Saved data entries
-*-*-

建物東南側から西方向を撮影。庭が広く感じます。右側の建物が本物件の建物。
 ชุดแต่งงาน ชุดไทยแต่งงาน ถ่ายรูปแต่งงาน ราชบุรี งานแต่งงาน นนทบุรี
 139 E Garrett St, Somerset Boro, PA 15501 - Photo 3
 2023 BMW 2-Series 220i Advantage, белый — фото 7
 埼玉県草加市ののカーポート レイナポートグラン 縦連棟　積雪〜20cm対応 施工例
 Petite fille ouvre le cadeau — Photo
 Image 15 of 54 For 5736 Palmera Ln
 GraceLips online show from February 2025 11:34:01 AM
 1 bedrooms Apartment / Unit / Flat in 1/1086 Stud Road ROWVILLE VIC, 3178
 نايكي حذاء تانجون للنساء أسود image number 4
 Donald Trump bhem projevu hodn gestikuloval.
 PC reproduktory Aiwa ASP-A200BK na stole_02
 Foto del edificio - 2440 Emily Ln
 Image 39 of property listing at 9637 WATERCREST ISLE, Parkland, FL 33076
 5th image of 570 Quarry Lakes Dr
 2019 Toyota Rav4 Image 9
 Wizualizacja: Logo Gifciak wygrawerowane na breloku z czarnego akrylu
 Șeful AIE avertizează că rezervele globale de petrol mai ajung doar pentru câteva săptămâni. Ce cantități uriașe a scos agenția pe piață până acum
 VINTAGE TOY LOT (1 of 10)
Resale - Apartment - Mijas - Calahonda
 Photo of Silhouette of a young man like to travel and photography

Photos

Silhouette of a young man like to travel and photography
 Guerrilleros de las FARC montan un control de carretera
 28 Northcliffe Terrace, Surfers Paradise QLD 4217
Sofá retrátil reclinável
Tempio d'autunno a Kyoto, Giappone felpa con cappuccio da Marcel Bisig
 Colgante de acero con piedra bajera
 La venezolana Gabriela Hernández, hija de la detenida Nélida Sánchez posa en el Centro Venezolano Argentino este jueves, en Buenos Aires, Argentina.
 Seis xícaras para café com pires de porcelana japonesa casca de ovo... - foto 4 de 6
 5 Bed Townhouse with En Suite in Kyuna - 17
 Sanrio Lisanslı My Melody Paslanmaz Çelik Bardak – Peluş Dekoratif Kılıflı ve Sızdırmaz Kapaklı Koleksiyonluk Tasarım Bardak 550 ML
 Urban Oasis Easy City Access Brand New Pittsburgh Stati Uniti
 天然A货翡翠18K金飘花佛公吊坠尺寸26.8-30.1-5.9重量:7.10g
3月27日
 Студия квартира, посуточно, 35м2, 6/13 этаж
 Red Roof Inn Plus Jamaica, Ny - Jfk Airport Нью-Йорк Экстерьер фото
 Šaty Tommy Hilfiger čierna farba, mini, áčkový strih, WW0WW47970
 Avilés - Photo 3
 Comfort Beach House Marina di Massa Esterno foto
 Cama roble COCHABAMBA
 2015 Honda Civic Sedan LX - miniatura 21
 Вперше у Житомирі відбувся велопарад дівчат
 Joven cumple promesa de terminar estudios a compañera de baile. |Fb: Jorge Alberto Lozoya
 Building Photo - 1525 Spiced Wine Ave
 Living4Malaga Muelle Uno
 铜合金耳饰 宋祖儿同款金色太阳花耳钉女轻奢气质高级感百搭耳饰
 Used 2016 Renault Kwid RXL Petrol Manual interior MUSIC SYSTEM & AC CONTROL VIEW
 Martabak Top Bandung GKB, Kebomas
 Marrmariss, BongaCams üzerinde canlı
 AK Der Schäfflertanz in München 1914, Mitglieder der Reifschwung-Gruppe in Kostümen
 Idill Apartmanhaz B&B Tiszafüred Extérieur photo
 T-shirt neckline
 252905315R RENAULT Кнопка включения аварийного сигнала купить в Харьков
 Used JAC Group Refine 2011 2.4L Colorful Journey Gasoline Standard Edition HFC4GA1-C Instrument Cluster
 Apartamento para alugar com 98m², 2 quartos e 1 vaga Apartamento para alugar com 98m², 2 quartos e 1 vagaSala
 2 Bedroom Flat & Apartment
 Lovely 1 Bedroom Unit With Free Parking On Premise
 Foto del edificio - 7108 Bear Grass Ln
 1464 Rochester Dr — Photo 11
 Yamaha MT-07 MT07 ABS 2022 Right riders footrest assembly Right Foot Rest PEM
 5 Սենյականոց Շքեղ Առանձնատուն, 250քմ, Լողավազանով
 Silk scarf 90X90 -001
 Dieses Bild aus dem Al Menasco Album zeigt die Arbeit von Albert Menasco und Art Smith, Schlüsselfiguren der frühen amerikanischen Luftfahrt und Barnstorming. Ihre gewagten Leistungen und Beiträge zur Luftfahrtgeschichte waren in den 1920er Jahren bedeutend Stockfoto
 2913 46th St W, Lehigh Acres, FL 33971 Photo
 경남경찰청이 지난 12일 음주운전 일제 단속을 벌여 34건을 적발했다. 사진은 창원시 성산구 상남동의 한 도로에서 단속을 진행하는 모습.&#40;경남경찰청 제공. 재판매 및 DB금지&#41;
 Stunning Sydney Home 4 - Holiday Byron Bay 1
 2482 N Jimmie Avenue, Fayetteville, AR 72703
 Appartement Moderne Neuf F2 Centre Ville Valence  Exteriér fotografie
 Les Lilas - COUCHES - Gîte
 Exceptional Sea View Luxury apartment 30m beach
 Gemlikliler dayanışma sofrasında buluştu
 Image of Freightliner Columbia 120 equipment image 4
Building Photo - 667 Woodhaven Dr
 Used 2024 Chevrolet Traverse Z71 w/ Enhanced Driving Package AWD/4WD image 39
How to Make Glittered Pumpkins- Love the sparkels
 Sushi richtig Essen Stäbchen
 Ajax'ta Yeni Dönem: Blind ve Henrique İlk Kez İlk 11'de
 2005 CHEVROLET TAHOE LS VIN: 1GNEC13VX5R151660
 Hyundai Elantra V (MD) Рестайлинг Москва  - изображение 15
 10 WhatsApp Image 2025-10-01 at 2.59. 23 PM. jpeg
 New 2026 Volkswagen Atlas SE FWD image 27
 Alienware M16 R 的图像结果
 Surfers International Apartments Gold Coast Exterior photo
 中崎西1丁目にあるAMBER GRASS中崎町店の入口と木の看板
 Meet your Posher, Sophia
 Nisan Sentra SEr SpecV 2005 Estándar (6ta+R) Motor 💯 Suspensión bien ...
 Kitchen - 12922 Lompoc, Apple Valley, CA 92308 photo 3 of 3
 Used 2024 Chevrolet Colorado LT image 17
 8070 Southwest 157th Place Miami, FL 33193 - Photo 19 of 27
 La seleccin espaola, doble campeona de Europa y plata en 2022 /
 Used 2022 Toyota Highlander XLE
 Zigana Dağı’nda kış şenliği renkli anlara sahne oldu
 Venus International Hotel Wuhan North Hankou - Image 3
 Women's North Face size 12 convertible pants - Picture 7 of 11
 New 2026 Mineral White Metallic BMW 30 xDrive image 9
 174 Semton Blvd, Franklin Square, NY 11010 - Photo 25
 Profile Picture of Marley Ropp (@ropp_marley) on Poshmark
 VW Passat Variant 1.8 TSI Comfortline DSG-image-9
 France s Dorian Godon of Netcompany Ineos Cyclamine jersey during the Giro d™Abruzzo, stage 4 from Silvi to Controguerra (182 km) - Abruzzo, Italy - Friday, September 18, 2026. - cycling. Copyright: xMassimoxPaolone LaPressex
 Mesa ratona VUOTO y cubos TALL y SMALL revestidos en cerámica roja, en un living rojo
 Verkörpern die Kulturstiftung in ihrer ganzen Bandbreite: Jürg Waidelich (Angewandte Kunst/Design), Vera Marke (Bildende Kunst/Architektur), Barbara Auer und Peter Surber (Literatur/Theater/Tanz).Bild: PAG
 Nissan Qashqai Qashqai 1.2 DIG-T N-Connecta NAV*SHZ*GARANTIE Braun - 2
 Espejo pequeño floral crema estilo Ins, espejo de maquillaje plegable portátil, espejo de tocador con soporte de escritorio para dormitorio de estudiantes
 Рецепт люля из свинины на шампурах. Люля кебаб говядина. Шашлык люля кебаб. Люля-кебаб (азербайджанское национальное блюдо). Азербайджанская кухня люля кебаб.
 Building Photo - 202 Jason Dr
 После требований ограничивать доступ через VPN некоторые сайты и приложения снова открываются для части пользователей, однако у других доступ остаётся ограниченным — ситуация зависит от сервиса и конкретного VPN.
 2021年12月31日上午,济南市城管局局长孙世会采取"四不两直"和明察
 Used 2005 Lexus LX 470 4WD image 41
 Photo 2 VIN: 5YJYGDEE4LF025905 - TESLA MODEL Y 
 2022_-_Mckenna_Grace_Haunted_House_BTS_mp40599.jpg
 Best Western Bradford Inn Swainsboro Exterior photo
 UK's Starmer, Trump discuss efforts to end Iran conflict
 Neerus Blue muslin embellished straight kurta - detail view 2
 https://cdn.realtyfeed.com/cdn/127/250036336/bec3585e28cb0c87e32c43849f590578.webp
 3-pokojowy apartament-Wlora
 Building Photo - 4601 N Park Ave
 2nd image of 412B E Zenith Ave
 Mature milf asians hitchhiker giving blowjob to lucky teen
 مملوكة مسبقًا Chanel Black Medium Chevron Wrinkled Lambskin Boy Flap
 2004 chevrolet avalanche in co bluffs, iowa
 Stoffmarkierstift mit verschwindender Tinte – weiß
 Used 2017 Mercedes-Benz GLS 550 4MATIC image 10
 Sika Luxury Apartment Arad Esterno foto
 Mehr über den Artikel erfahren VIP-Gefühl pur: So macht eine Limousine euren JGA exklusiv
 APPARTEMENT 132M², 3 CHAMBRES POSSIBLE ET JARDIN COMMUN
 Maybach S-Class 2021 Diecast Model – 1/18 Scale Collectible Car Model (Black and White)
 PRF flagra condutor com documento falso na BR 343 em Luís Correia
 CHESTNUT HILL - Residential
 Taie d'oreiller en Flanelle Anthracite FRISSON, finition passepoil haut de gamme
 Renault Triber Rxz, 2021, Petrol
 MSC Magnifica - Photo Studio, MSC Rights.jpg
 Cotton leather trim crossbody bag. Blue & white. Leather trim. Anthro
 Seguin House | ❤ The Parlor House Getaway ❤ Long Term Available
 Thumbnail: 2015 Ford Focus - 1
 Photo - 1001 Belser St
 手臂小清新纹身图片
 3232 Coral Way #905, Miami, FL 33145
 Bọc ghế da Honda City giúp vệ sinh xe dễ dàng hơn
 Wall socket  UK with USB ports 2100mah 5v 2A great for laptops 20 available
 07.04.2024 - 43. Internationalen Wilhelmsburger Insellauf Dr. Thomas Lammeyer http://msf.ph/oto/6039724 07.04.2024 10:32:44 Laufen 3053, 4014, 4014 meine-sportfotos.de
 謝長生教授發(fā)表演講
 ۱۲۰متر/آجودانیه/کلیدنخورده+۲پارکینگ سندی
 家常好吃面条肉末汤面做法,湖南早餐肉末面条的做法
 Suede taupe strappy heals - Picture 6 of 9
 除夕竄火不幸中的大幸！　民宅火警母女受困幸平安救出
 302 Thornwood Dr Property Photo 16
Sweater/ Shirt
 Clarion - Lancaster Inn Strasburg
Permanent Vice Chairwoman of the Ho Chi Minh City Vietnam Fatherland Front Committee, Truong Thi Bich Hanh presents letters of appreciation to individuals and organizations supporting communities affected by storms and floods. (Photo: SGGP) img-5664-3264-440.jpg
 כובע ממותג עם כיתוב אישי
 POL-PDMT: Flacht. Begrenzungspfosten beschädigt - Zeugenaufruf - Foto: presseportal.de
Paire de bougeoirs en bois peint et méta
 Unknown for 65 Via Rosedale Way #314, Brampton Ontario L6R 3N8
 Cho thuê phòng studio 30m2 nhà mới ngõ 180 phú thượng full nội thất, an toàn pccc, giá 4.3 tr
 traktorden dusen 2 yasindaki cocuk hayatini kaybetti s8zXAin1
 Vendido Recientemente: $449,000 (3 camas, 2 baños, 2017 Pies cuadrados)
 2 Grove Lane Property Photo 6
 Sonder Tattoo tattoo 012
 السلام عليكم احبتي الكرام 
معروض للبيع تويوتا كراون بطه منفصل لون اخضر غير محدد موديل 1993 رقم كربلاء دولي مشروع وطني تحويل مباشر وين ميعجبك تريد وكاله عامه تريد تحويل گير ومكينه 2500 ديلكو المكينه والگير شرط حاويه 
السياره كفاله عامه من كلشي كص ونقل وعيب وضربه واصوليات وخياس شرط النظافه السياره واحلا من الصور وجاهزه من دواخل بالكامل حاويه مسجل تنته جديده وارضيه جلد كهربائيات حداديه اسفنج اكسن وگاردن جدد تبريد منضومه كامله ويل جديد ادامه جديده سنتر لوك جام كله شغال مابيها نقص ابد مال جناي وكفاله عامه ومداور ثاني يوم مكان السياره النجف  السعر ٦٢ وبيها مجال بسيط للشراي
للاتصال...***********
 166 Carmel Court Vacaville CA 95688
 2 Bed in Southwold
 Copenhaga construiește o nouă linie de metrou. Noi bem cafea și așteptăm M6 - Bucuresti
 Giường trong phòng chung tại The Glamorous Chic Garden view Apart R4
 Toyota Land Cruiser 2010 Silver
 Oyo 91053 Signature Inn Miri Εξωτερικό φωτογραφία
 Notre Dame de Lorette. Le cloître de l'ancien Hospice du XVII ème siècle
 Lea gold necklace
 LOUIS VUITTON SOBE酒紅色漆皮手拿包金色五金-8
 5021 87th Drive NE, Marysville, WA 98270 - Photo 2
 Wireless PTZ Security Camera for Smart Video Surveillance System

-*-*-

TRY IT: Exactly the lines above from the one with "2005 CHEVROLET TAHOE" to the one with "La seleccin espaola, doble", both included, are to be quoted; leave the rest out.

FINAL ANSWER:
 2005 CHEVROLET TAHOE LS VIN: 1GNEC13VX5R151660
 Hyundai Elantra V (MD) Рестайлинг Москва  - изображение 15
 10 WhatsApp Image 2025-10-01 at 2.59. 23 PM. jpeg
 New 2026 Volkswagen Atlas SE FWD image 27
 Alienware M16 R 的图像结果
 Surfers International Apartments Gold Coast Exterior photo
 中崎西1丁目にあるAMBER GRASS中崎町店の入口と木の看板
 Meet your Posher, Sophia
 Nisan Sentra SEr SpecV 2005 Estándar (6ta+R) Motor 💯 Suspensión bien ...
 Kitchen - 12922 Lompoc, Apple Valley, CA 92308 photo 3 of 3
 Used 2024 Chevrolet Colorado LT image 17
 8070 Southwest 157th Place Miami, FL 33193 - Photo 19 of 27
 La seleccin espaola, doble campeona de Europa y plata en 2022 /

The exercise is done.